Could you give back the whole listing exactly as written?

#### [SOURCE MATERIAL]

·····

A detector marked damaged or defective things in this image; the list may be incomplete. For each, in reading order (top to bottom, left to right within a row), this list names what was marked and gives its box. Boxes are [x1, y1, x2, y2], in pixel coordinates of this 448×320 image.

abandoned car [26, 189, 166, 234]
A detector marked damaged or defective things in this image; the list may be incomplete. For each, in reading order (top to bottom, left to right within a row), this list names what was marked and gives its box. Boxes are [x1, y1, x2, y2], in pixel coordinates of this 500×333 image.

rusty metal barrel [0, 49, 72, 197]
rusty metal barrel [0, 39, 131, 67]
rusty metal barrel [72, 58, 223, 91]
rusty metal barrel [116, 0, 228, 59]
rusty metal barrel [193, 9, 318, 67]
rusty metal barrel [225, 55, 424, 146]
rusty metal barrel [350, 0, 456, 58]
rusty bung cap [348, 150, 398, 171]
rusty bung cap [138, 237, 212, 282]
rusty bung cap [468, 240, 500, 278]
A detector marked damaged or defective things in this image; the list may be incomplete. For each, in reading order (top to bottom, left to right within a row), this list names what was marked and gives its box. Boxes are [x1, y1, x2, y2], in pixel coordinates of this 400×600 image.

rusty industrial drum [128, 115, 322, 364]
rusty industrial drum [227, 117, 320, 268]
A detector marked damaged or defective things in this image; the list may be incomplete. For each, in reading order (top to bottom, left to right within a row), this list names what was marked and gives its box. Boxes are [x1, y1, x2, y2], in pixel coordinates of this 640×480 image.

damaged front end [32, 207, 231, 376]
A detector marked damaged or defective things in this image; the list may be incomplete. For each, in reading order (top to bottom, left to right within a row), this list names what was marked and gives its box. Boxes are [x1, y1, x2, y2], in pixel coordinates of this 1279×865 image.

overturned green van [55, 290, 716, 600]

·····

#### [OUTPUT FOR THIS EXERCISE]
A detector marked damaged or defective things in this image; the list may be incomplete. For each, in reading order (top to bottom, left to right within a row), this list names what was marked and gives its box. Boxes are [x1, y1, x2, y2], in pixel coordinates of this 448×320 image.

abandoned car [26, 189, 166, 234]
A detector marked damaged or defective things in this image; the list may be incomplete. For each, in reading order (top to bottom, left to right within a row), this list names what was marked and gives its box. Boxes are [x1, y1, x2, y2], in pixel coordinates of this 500×333 image.

rusty metal barrel [0, 49, 72, 197]
rusty metal barrel [0, 39, 131, 67]
rusty metal barrel [72, 58, 223, 91]
rusty metal barrel [116, 0, 228, 59]
rusty metal barrel [193, 9, 318, 67]
rusty metal barrel [225, 55, 424, 146]
rusty metal barrel [350, 0, 456, 58]
rusty bung cap [348, 150, 398, 171]
rusty bung cap [138, 237, 212, 282]
rusty bung cap [468, 240, 500, 278]
A detector marked damaged or defective things in this image; the list may be incomplete. For each, in reading order (top to bottom, left to right within a row), this list names what was marked and gives its box. Boxes are [x1, y1, x2, y2], in pixel coordinates of this 400×600 image.

rusty industrial drum [128, 115, 322, 364]
rusty industrial drum [227, 117, 320, 268]
A detector marked damaged or defective things in this image; the list may be incomplete. For each, in reading order (top to bottom, left to right within a row), this list names what was marked and gives its box. Boxes are [x1, y1, x2, y2], in pixel coordinates of this 640×480 image.

damaged front end [32, 207, 231, 376]
A detector marked damaged or defective things in this image; the list may be incomplete. For each, in reading order (top to bottom, left to right within a row), this list names what was marked and gives its box. Boxes are [x1, y1, x2, y2], in pixel coordinates of this 1279×865 image.

overturned green van [55, 290, 716, 600]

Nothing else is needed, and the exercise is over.